Lavoro, in Italia sono oltre 7 milioni le donne ‘inattive’
Randstad Research, rappresentano il 43% nella fascia 30-69 anni. Il tasso di inattività è fermo dal 1990 ad oggi e riguarda soprattutto il Sud con il 58% delle donne inattive
In Italia le donne inattive tra i 30 e i 69 anni sono oltre 7 milioni. Un numero troppo alto, se si considera che rappresentano il 43% delle donne in questa fascia d’età, mentre nella media Ue le donne che non lavorano né cercano occupazione sono il 32%, in Germania il 24% e in Svezia 19%.
Troppe se rapportate al numero di poco più di 20 milioni di occupati.
E un numero notevole sia a livello sociale che economico: la maternità comporta conseguenze sulla scelta ma l’inattività si prolunga oltre il periodo in cui scelgono di concentrarsi sulla famiglia, per l’assenza di supporti. E’ quanto risulta in una ricerca di Randstad Research.

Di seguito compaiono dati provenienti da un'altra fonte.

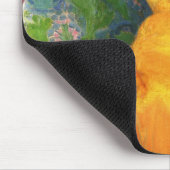 イエロードレスを着た女性(by Max Kurzweil) マウスパッド (コーナー)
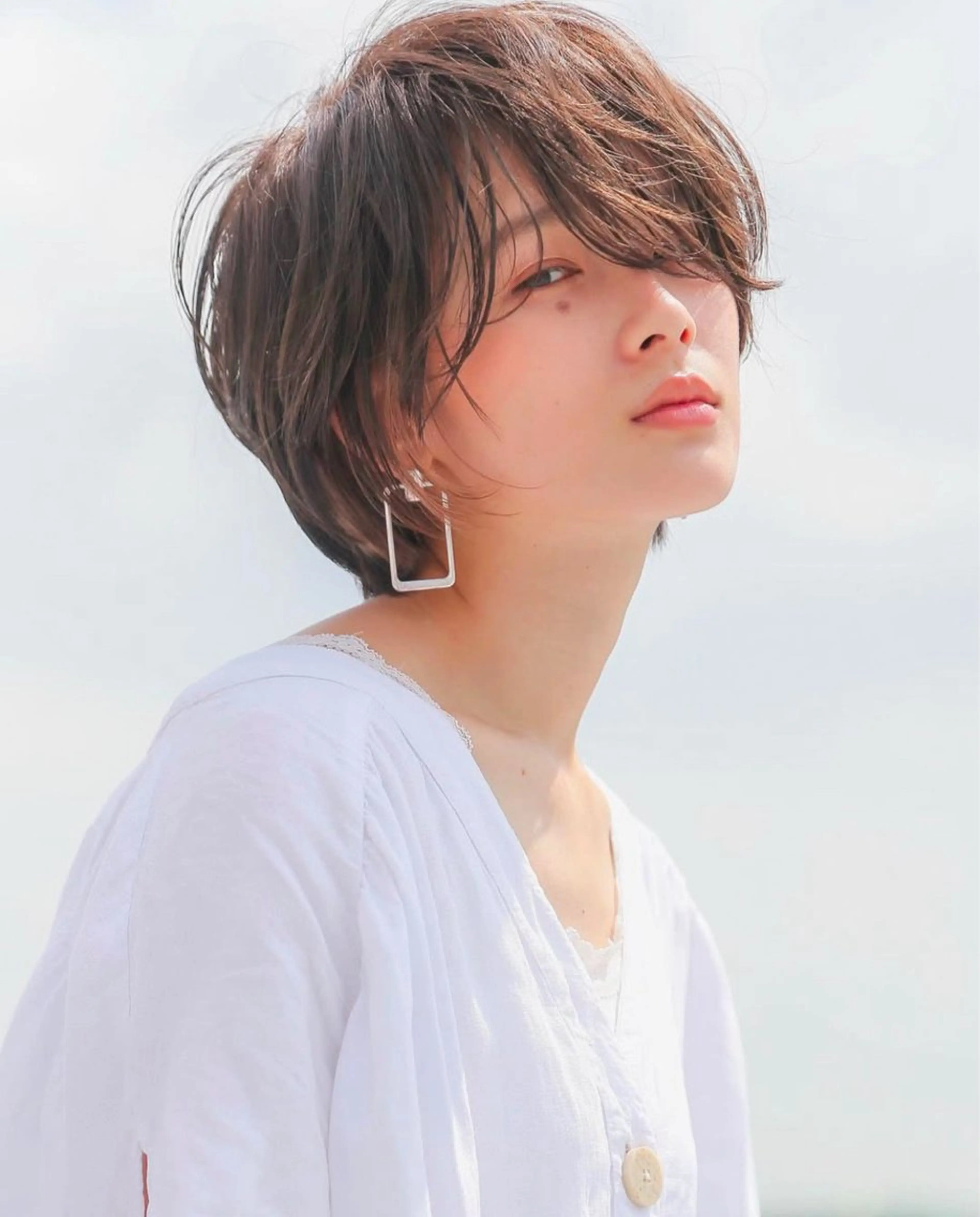 ショート 菊地 万佐久のヘアスタイル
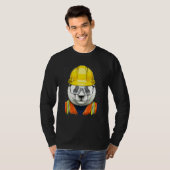 T-shirt Ours Panda Géant Ouvrier de Construction Panda (Devant entier)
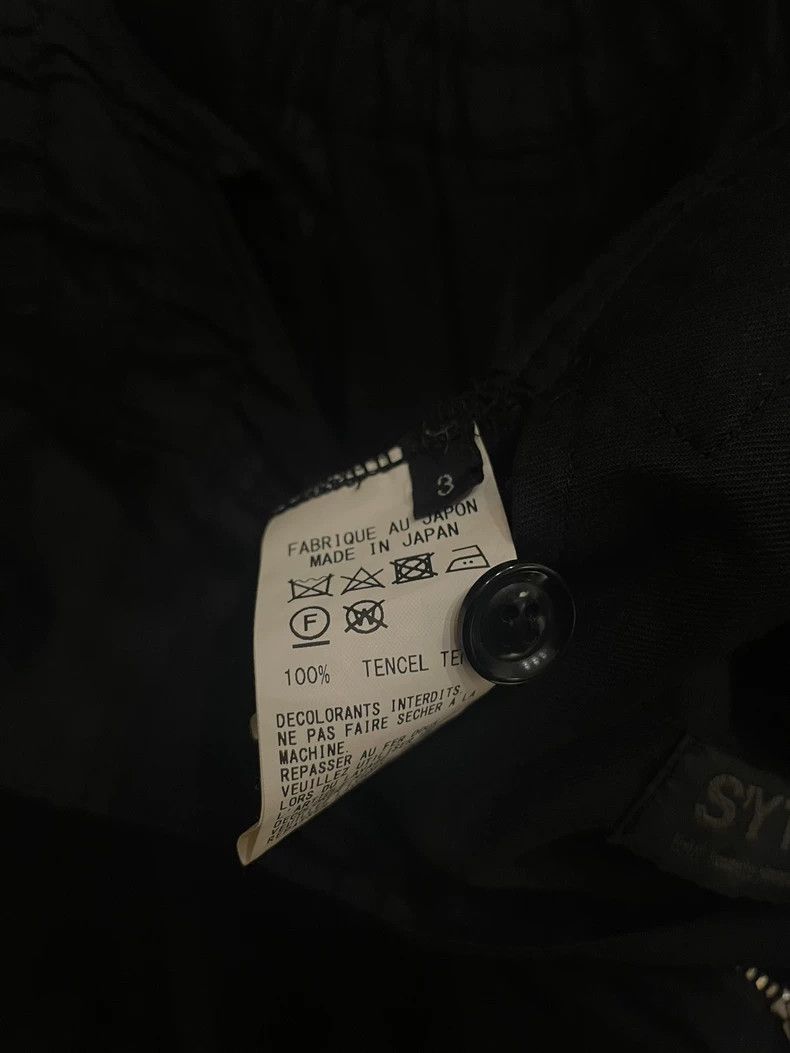 Yohji Yamamoto yohji Yamamoto size 3 Medieval Black Sabotage Unhemmed Pan Size US 30 / EU 46 - 5 Thumbnail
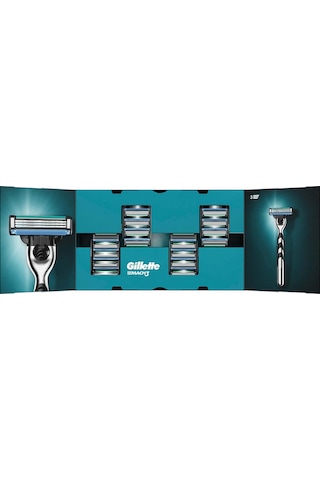 Gillette Mach3 Yedek Tıraş Bıçağı 18 Adet Karton Paket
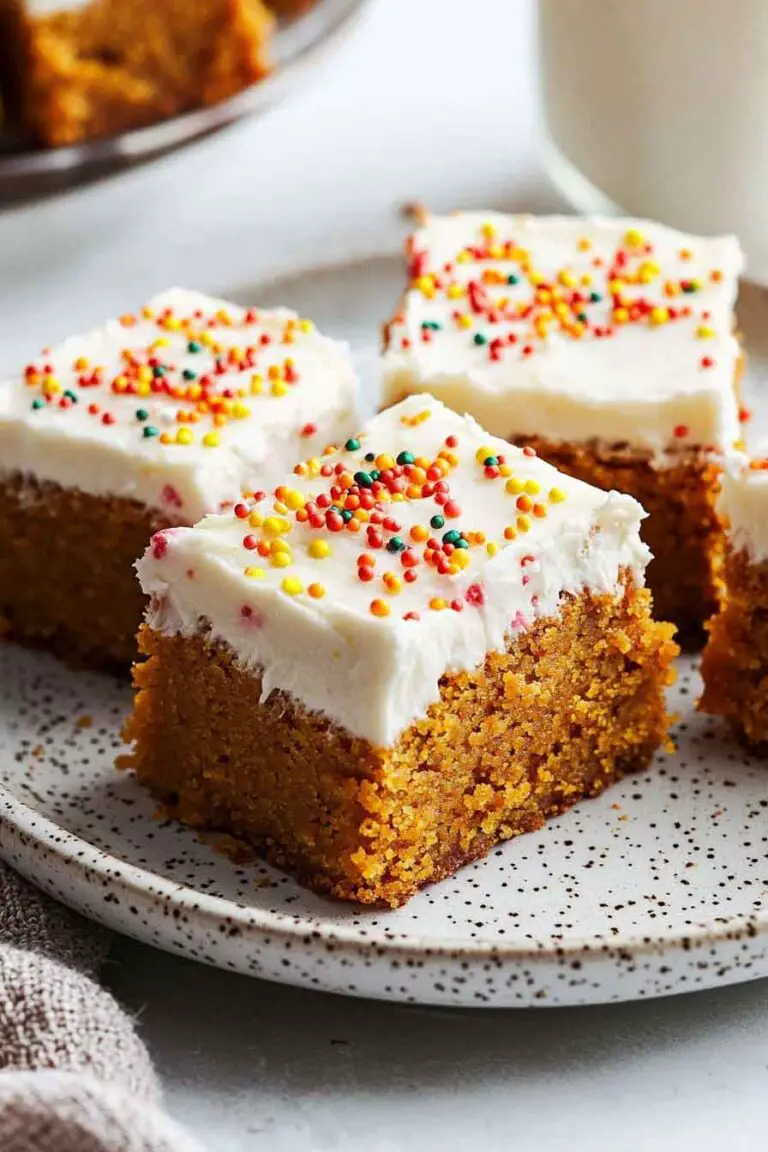 pumpkin Bars With Cream Cheese Frosting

Si tratta nel complesso di “un fenomeno apparentemente immutabile, se si considera che a livello aggregato il tasso di attività è rimasto fermo dal 1990 ad oggi, che colpisce soprattutto il Sud e le isole, dove più di una donna su due (il 58%) è inattiva, mentre al Nord tre su dieci. Nella fascia di età 30-69 anni le donne inattive sono in stragrande maggioranza casalinghe a tempo pieno (4,5 milioni), per scelta o “obbligate”, come conseguenza di scoraggiamento per le barriere all’ingresso e al reingresso nel mercato del lavoro. E poi pensionate (2,5 milioni, tra pensioni di anzianità, sociali e di invalidità), con una prospettiva della terza età più incerta degli uomini, a causa di pensioni inferiori, raggiunte in età più giovane. Il tasso di inattività femminile è fortemente legato all’età: dal 70,6% delle donne attive tra i 35 e i 44 anni si scende al 47,4% tra i 55 e i 64 anni. Quali soluzioni? In un paese in cui la spesa pubblica in asili nido è solo lo 0,08% del Pil, tra le più basse d’Europa, l’investimento da 4,6 miliardi di euro previsto dal PNRR per aumentare di quasi 265 mila posti i servizi della prima infanzia va nella giusta direzione. Ma per completare lo sforzo, servirebbero congedi parentali meglio distribuiti e un sistema fiscale che non penalizzi il lavoro del secondo lavoratore della famiglia. L’uguaglianza di genere nella cura dei bambini può essere promossa attraverso il diritto individuale a un congedo non trasferibile, ben remunerato e di uguale durata per donne e uomini. Un altro ambito in cui investire è quello della formazione. Anche perché per le donne, il livello di istruzione sembra avere un’importanza particolarmente alta, più che per gli uomini, a discapito dell’esperienza e di altri fattori che possono contribuire all’occupabilità.